Take, for example, the Nephilim and the whole bout with “sons of God” having sex with the “daughters of humankind” and producing offspring. These sons of God were most likely some sort of spiritual being, whether demon possessed men or angelic beings (compare with the usage of this phrase in Job). The text makes it very clear that this was not a good thing. A horrible thing, actually, that causes God to shorten lifespans of these immoral mortal humans. These “biblical relations,” shall we call them, produced offspring. The text implies, although it does not actually say, that these Nephilim, these giants who became mighty warriors, were a product of this horrid event. And then the text continues to talk about God’s disappointment with wicked human and the flood.
Huh?
Here’s the deal: Canaanite leaders (the Canaanite leaders whom Israel would fight) claimed to be divine because they were descended from Nephilim, whom they believed to be divine. Intimidating.
Not so much, Moses said. Not so much divine as wicked. Yes, they may have been great warriors, Moses concedes, but just mortal, and wicked mortal at that. Caused things like shorten lifespans and the flood. No reason to fear them. Our God is greater.
Than there’s the story of Noah’s drunken stupor. He goes to bed naked. His youngest son, Ham, walks in on him and goes out making fun of him. Shames his dad, disgraces him. Bad son. Shem and Japheth, however go through great pains to make sure they cover their father and preserve his honor while averting their eyes. (It’s a middle east shame-honor thing. We westerners don’t always get these things.) Noah cursed Ham and his descendents but blessed Shem and his descendents. (Whatever happened to poor forgotten Japheth?)
So?
So from Ham, we learn in begets, comes Canaan. From Shem comes Israelites. You, Moses tells the Israelites, are the blessed ones. Those Canaanites? Cursed. You’re good to go.
Love how Moses weaves these stories.

10 comments:

Michelle Pendergrass said...

I love that about the whole Bible.

Thank you!!

My favorites right now is Joshua and David.

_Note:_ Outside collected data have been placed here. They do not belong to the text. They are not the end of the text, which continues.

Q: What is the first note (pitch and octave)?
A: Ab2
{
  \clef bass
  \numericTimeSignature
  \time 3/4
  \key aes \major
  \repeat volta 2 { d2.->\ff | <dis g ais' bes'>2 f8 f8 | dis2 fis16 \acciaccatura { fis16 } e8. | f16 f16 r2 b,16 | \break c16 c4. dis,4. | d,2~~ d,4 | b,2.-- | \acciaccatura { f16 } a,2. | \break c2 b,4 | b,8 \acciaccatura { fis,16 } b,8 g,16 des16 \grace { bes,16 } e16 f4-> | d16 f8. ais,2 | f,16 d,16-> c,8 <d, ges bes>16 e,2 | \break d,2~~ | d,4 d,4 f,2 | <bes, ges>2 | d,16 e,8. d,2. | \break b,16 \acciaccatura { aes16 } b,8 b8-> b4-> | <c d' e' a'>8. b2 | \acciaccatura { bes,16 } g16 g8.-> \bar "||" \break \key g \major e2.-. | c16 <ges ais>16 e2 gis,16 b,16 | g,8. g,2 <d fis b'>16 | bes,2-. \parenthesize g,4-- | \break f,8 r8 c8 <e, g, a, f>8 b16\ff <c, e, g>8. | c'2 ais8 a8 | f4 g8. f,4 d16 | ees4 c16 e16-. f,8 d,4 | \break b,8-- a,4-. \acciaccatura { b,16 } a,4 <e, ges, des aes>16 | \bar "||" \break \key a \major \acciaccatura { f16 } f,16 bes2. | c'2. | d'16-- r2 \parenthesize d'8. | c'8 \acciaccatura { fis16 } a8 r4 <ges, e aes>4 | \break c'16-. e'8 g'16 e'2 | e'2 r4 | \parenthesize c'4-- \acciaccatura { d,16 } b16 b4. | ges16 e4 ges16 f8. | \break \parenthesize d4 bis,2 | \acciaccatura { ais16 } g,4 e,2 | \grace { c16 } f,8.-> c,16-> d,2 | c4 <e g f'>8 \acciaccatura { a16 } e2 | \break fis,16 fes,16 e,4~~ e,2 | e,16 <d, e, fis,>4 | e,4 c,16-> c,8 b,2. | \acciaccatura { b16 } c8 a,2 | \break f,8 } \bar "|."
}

People miss that Joshua was in God's presence. Moses usually gets all the credit for it, but Joshua was there. He even (pretty well demanded) that daylight be kept until he finished a battle and God let it be. Amazing stuff.

Mirtika said...

Yeah, think how totally convinced one must be in one's mission to just say, "Sun, be still," knowing God will take care of it.

Ahhhh.

Mir

Jennifer Tiszai said...

To me that just one of the coolest things about being a storyteller, having this special gift of using words.

Gina said...

We've been studying the Old Testament with my kids for the last three homeschooling years and the recurrent theme we've picked up with in every story is obedience!

We also wrote out the geneology of Adam to Noah and noticed who the first man was to have more than one wife.

Another take on the "Sons of God" and "Sons of Man" is that the sons of man were descendants of Cain while the son's of God were descendants from Seth. It's amazing when we went back through the chronology we saw sinful line of Cain while Seth's lineage followed after God.

I've really learned so much since homeschooling!

Pamela said...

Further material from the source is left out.